-- Supplied material follows --

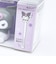 サンリオ クロミ マスコット歯ブラシホルダー Sanrio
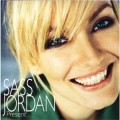 Buy Sass Jordan - Present Mp3 Download
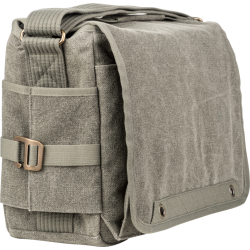 Think Tank Retrospective 30 V2.0, Pinestone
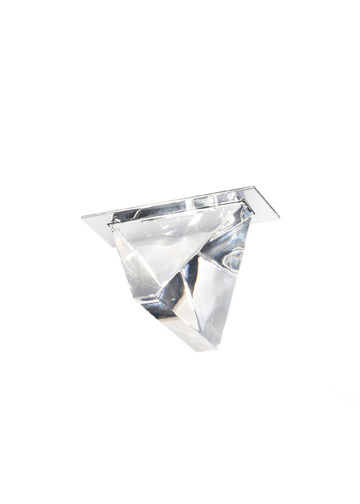 Tripla F41 F01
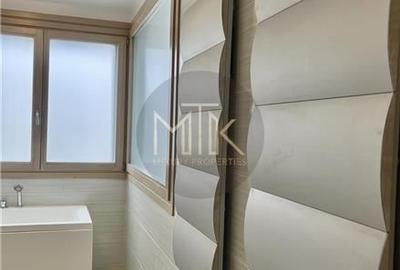 Vila PREMIUM 6 camere | mobilata/utilata + piscina | Pipera - Erou Iancu Nicolae - 48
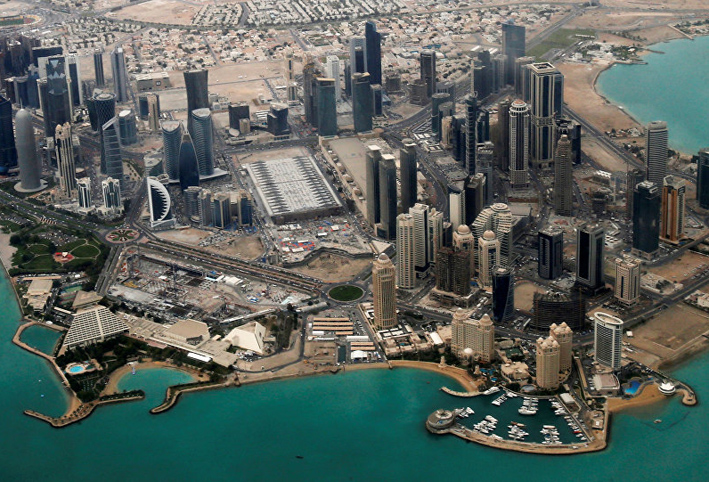 المصالحة الخليجية تقترب .. فهل قدَّمت قطر التنازلات؟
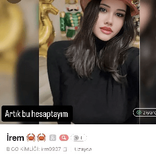 irem0907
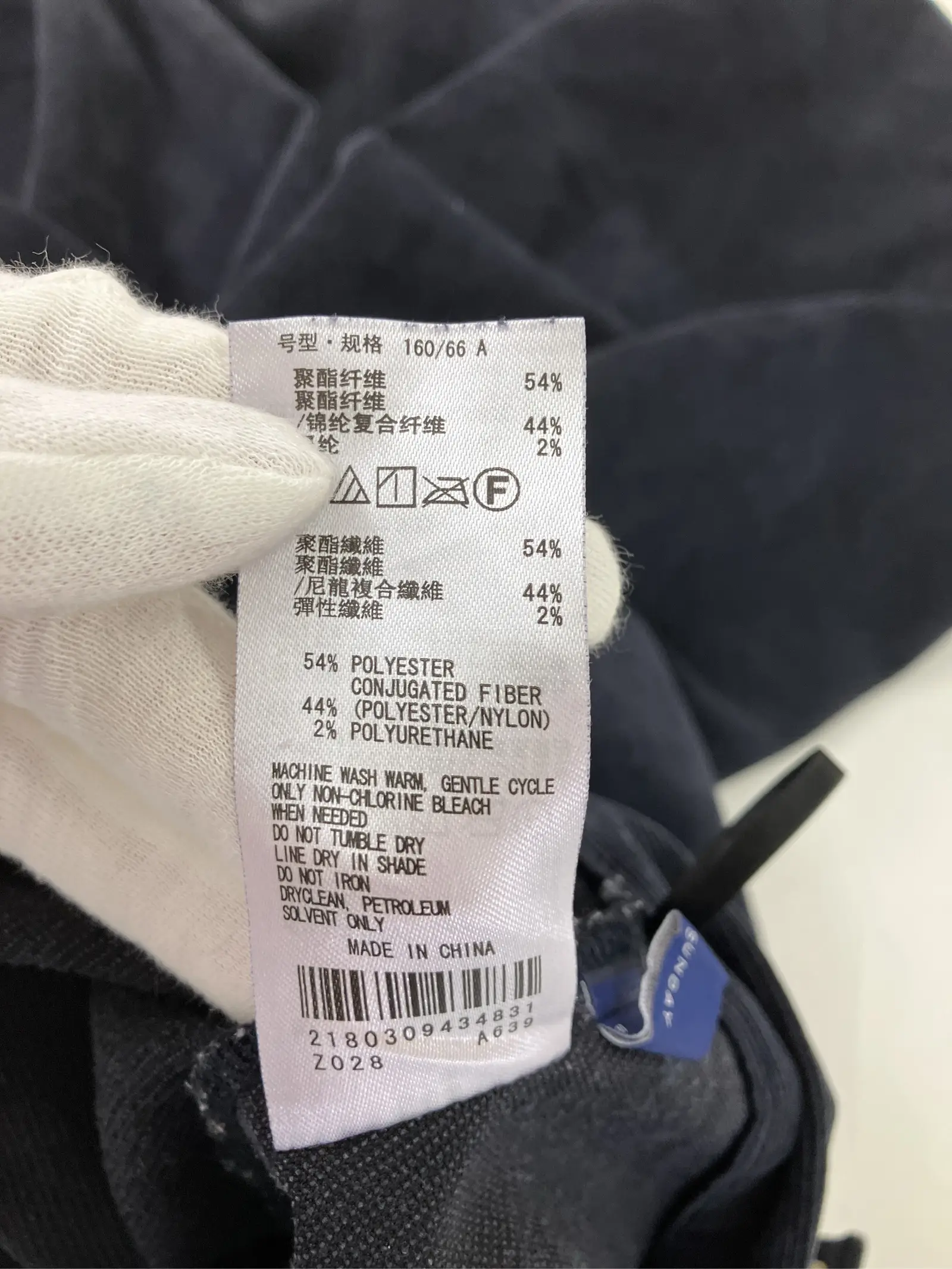 https://r2-worker.digdig.jp/product/36f531dc-e3b8-4d80-9e58-1d4a42b12542/53bbe8df-4dc7-4613-9d11-c72882662492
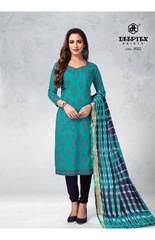 Authorized DEEPTEX TRADITION VOL 9 Wholesale  Dealer & Supplier from Surat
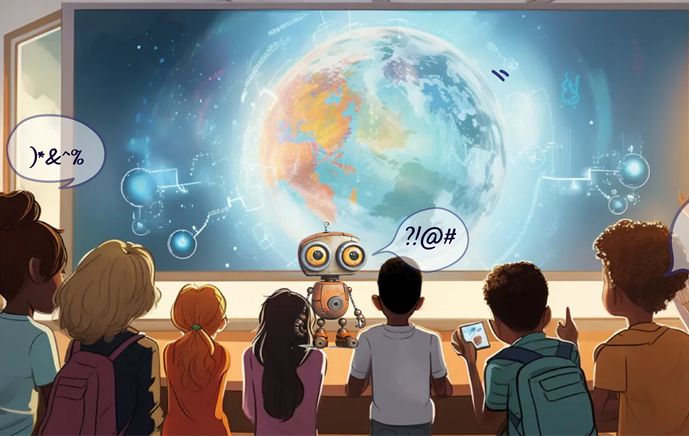 AI5
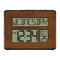 La Crosse Technology 513-1419V4-WA - Manual del Reloj Digital Atómico de Oficina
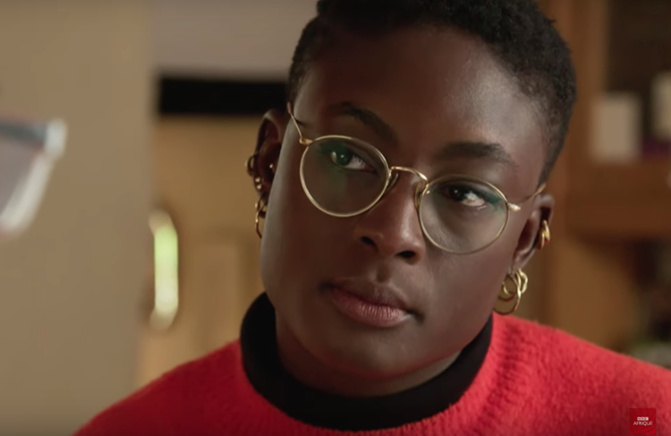 Affaire Petro-Tim : Mayeni Jones ne déférera pas à une convocation de Serigne Bassirou Guèye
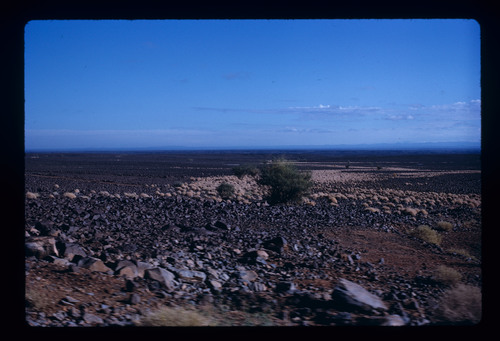 AS_18 - KM_3904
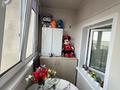 3-комнатная квартира · 67 м² · 15/16 этаж, Карменова 11а — Возле Геологоразведрчного колледжа за 25 млн ₸ в Семее — фото 23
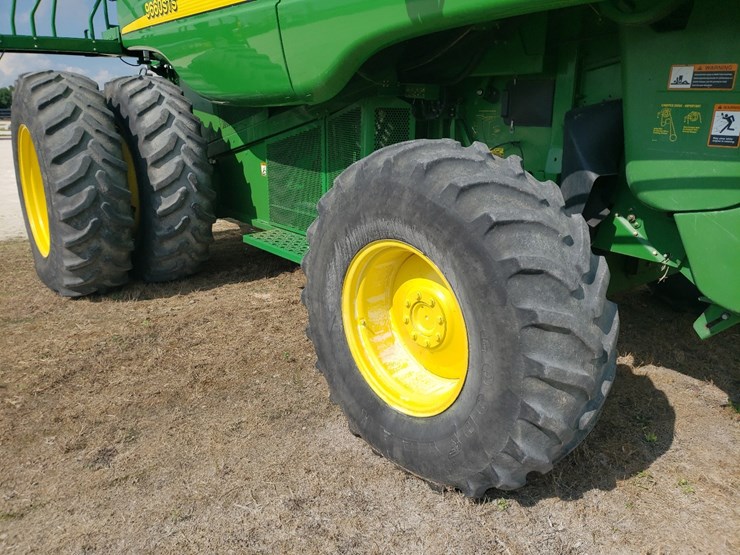 john-deere-9660-sts-image-3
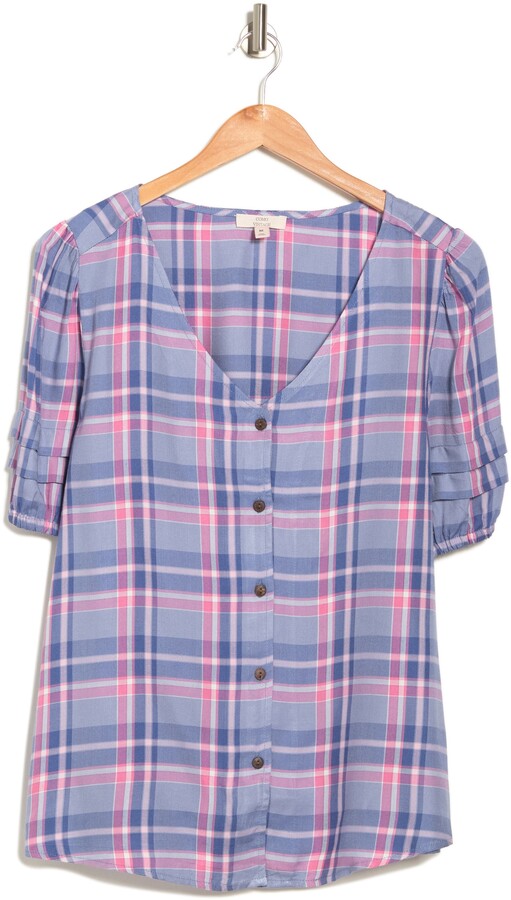 Como Vintage Women's Clothes | Shop the 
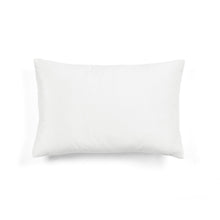 Load image into Gallery viewer, Velvet Diamond Pintuck Decorative Pillow Cover
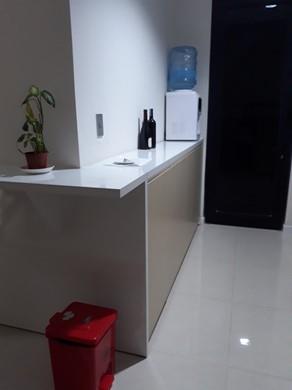 apartment for rent in district 2 D217245 (5)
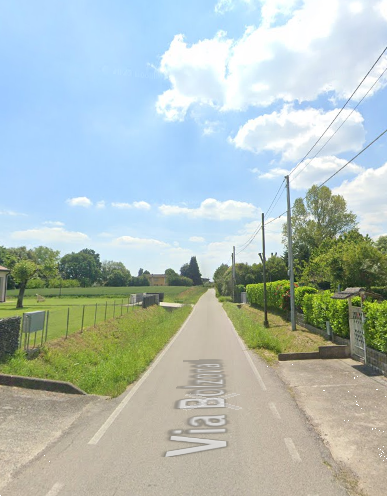 immagine annuncio 7 di 10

-- Supplied material concluded --

What is being asked: Reproduce the records above exactly, but only from the line containing "Tripla F41 F01" through the last line, both included, and without any pictures.

Response:
 Tripla F41 F01
 Vila PREMIUM 6 camere | mobilata/utilata + piscina | Pipera - Erou Iancu Nicolae - 48
 المصالحة الخليجية تقترب .. فهل قدَّمت قطر التنازلات؟
 irem0907
 https://r2-worker.digdig.jp/product/36f531dc-e3b8-4d80-9e58-1d4a42b12542/53bbe8df-4dc7-4613-9d11-c72882662492
 Authorized DEEPTEX TRADITION VOL 9 Wholesale  Dealer & Supplier from Surat
 AI5
 La Crosse Technology 513-1419V4-WA - Manual del Reloj Digital Atómico de Oficina
 Affaire Petro-Tim : Mayeni Jones ne déférera pas à une convocation de Serigne Bassirou Guèye
 AS_18 - KM_3904
 3-комнатная квартира · 67 м² · 15/16 этаж, Карменова 11а — Возле Геологоразведрчного колледжа за 25 млн ₸ в Семее — фото 23
 john-deere-9660-sts-image-3
 Como Vintage Women's Clothes | Shop the 
 Load image into Gallery viewer, Velvet Diamond Pintuck Decorative Pillow Cover
 apartment for rent in district 2 D217245 (5)
 immagine annuncio 7 di 10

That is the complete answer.